Speaking of the cultural characteristics, many similarities could be drawn between the earthenware artifacts in the Damaoshan site and those in the Suogang site on Penghu Islands. For example, they are both chiefly red or reddish-brown in color; stem cups, jars and cauldrons in type; corded, engraved and saw-tooth in pattern with a small number of articles with fingernail and additional heap patterns. In addition, the physical and chemical content of the stone adzes has been analyzed to be the same as that of the Qimeidao stone tool factory.

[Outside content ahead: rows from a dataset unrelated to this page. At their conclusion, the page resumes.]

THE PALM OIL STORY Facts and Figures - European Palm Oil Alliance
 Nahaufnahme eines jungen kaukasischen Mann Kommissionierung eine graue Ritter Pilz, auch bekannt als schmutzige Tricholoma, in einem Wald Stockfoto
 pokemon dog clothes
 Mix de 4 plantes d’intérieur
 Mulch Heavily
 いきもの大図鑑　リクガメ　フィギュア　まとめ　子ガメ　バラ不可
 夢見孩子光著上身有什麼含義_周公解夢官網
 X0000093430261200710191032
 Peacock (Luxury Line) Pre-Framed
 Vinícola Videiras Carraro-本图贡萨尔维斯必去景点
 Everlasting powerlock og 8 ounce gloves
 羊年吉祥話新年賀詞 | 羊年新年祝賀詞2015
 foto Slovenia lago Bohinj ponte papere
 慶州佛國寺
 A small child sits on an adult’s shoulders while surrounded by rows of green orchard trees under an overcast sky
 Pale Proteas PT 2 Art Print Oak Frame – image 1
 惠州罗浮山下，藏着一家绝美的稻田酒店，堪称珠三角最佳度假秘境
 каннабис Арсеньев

According to the archaeological materials available to date, there is evidence that the prehistoric humans living along the southeastern coast of Fujian Province had traveled to Taiwan with the help of the monsoon, then to islands on the Pacific Ocean and the Indian Ocean via the Philippines. Cultural and daily-life elements similar to those of people from Austronesian language family were found in the prehistoric sun pattern rock painting relics in Dongmenyu Island, Dongshan County, Damaoshan shell mound, and relevant key prehistoric sites. Hence, it can be concluded that the Damaoshan civilization is also one of the early civilizations of the Austronesian language family.